È un dato di fatto che sull’argomento il cattolicesimo italiano sia diviso in molte correnti. Non c’è solo il bianco e il nero. Le elezioni dell’Umbria hanno dimostrato che esistono ad esempio fasce di elettorato bianco, del tutto d’accordo con Francesco nella tutela degli immigrati, e al tempo stesso desiderosi di voltare pagina rispetto a una “egemonia rossa” pluridecennale sentita psicologicamente come soffocante.
La riflessione, a cui invita Francesco, è tuttavia orientata a cogliere la radice profonda del fenomeno sovranista-populista, che in Italia esibisce presepi e invoca “pieni poteri”. Una radice illiberale e antidemocratica. È significativo il modo con cui il vescovo di Curia Rino Fisichella, allineato con Francesco, abbia smontato nel corso di un dibattito pubblico il sottotitolo un po’ furbetto dell’ultimo libro di Bruno Vespa, Perché l’Italia diventò fascista (e perché il fascismo non può tornare).
Il fascismo non può tornare – ha rimarcato Fisichella, che è presidente del Consiglio per la Nuova evangelizzazione – se… Se il parlamento è forte, se le istituzioni collaborano tra loro, se il popolo è responsabile”. Più che la ricerca di un uomo forte, servirebbe oggi un pensiero forte.
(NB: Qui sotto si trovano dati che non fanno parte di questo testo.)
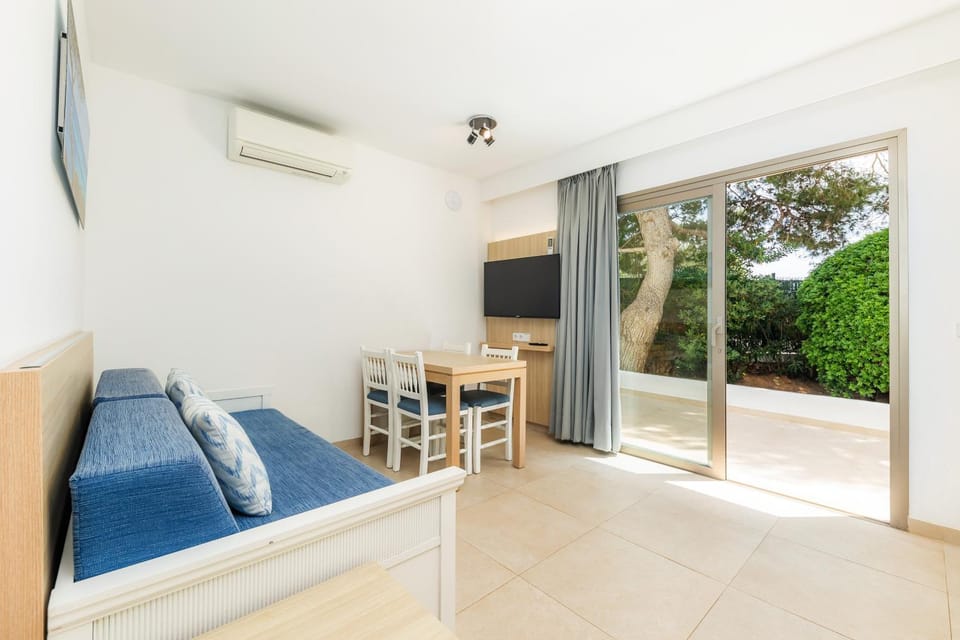 Property building, Living room, Bedroom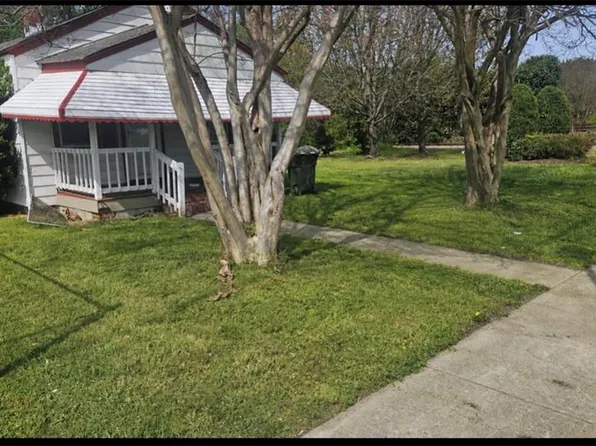 3713 Chestnut Ave, Newport News, VA 23607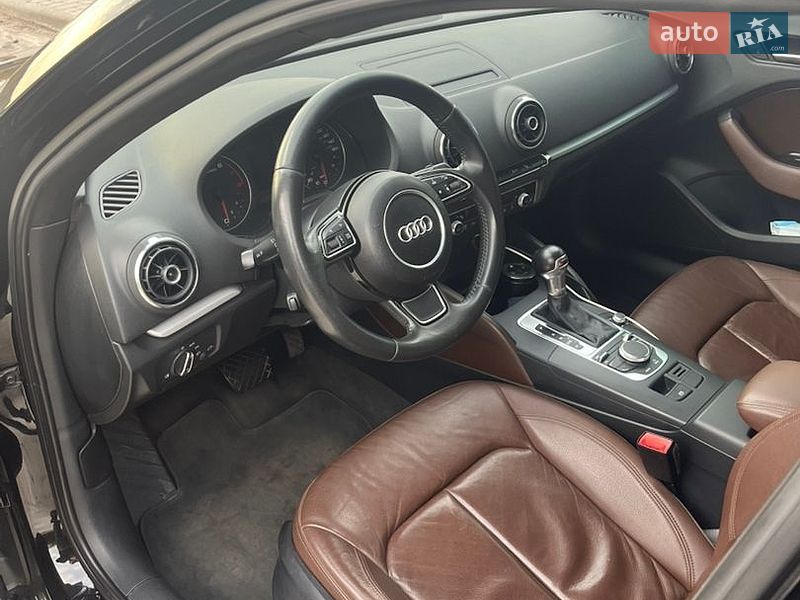 Седан Audi A3 2014 в Синельниково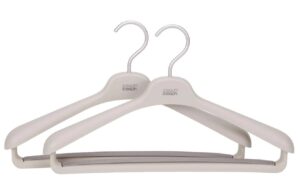 Joseph Joseph Sada dvou béžových plastových ramínek Orderly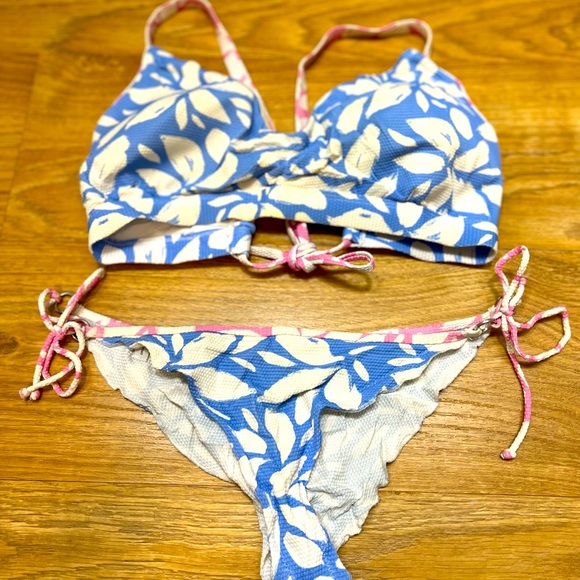 Body Glove Bikini. Top size E bottom size L - Picture 1 of 9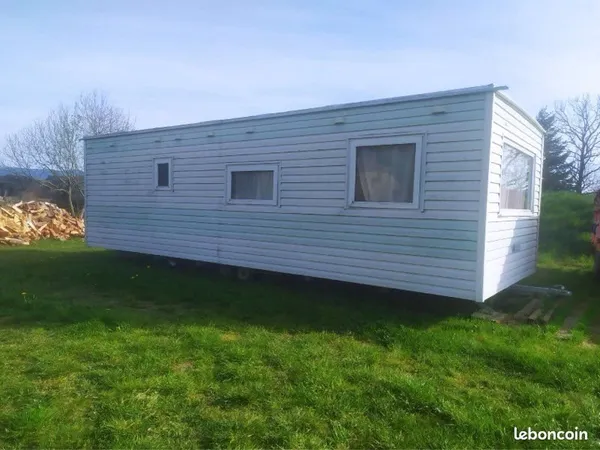 Logement atypique Vente Vernoux-en-Vivarais 3p 24m² 4300€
Perché se il pensiero politico è debole, allora il popolo è debole. “E bisogna fare molta attenzione ai modi di parlare”, ha aggiunto Fisichella. “Perché il linguaggio violento generalizzato crea comportamenti violenti”. È il commento di un vescovo lombardo-siciliano, che ha capito perfettamente i meccanismi del gioco del suo conterraneo Salvini. Né va trascurato l’argine che l’Avvenire, interprete preciso della linea Bergoglio e della presidenza Bassetti della Cei, pone sistematicamente alla tendenza banalizzante del centro-destra sovranista tipo “il fascismo fa parte della nostra memoria” .
Giovedì 23 gennaio il giornale dei vescovi ricorda in seconda pagina che la “Costituzione è nata antifascista”. A pagina 3 un articolo dello scrittore Ferdinando Camon, a proposito di una “via Almirante” decretata a Verona, è titolato: Segre è la storia giusta, Almirante il passato odioso.
E nelle pagine culturali lo storico Andrea Riccardi rievoca la strage di monaci, diaconi, sacerdoti, fedeli nel monastero etiopico di Debre Libanos, ordinata dal generale Rodolfo Graziani nel 1937. Una rappresaglia, crimine di guerra, “simbolo del regime e della logica di violenza e di odio che lo pervadeva”.
Non si potrà dire che la Chiesa di Francesco ha taciuto.